Many mechanical resonators are the clamped-clamped (C-C) beam structure [3,4,6,19], which has the highest resonant frequencies among all beam structures. Here, the C-C beam is studied. Figure 2 examines how the first three resonant frequencies vary as the axial load (β) changes. In Figure 2, there is no adsorbate, i.e., α = 0 is set. Clearly, all of the resonant frequencies increase monotonically as β increases. At $\mathrm{\beta }=-4{\pi }^2$, the first resonant frequency (${\mathrm{\omega }}_1$) is zero, which indicates buckling. If a closer look is taken, we can find that the different resonant frequencies vary differently as the axial load changes. For example, when $\mathrm{\beta }$ = 0, the three resonant frequencies are given by Equation (6) as ${\mathrm{\omega }}_1^o$ = 22.3733, ${\mathrm{\omega }}_2^o$ = 61.6728 and ${\mathrm{\omega }}_3^o$ = 120.9034; at $\mathrm{\beta }$ = 10, the three resonant frequencies are ${\mathrm{\omega }}_1$ = 24.9591, ${\mathrm{\omega }}_2$ = 65.2996 and ${\mathrm{\omega }}_3$ = 124.9291. The corresponding frequency change (defined as $\mathrm{\Delta }{\mathrm{\omega }}_i={\mathrm{\omega }}_i-{\mathrm{\omega }}_i^o$) and its percentage (defined as $\mathrm{\Delta }{\mathrm{\omega }}_i/{\mathrm{\omega }}_i^o$) are: $\mathrm{\Delta }{\mathrm{\omega }}_1$ = 2.5858 (11.56%), $\mathrm{\Delta }{\mathrm{\omega }}_2$ = 3.6268 (5.88%) and $\mathrm{\Delta }{\mathrm{\omega }}_3$ = 4.0257 (3.33%). That different resonant frequency has different sensitivity to the axial load has been noticed [50] and used as a mechanism to detect the surface stress inside a micro-/nano-structure [13].

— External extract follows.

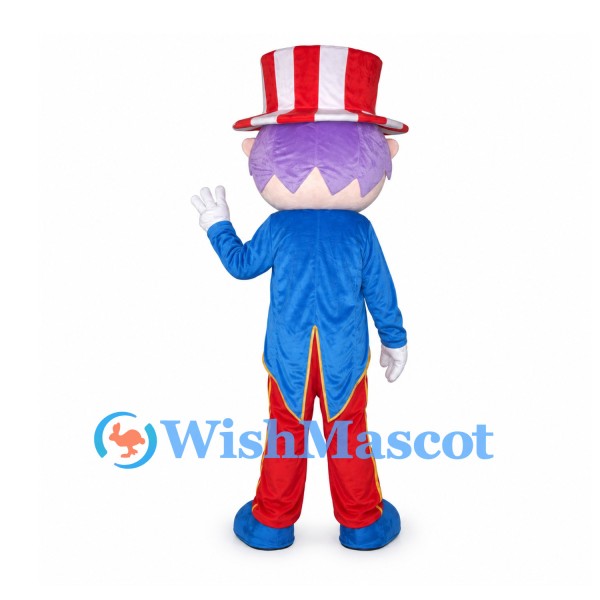Man Mascot Costume with Red Striped Top Hat and Blue Tailcoat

Figure 2. The variations of the first three resonant frequencies as the axial load ($\mathrm{\beta }$) varies and $\alpha =0$. At $\mathrm{\beta }=-4{\pi }^2$, the first resonant frequency (${\mathrm{\omega }}_1$) becomes zero, which indicates buckling.

Figure 2. The variations of the first three resonant frequencies as the axial load ($\mathrm{\beta }$) varies and $\alpha =0$. At $\mathrm{\beta }=-4{\pi }^2$, the first resonant frequency (${\mathrm{\omega }}_1$) becomes zero, which indicates buckling.

Figure 3. The variations of the first three resonant frequencies as an adsorbate moves from one clamped end to the other. Here, the mass and axial load are fixed as $\alpha =0.1$ and $\mathrm{\beta }=10$. $A_1$, $A_2$ and $A_3$ are the amplitudes of the three resonant frequencies, which indicate the difference between the maximum and minimum of those frequencies.

Figure 3. The variations of the first three resonant frequencies as an adsorbate moves from one clamped end to the other. Here, the mass and axial load are fixed as $\alpha =0.1$ and $\mathrm{\beta }=10$. $A_1$, $A_2$ and $A_3$ are the amplitudes of the three resonant frequencies, which indicate the difference between the maximum and minimum of those frequencies.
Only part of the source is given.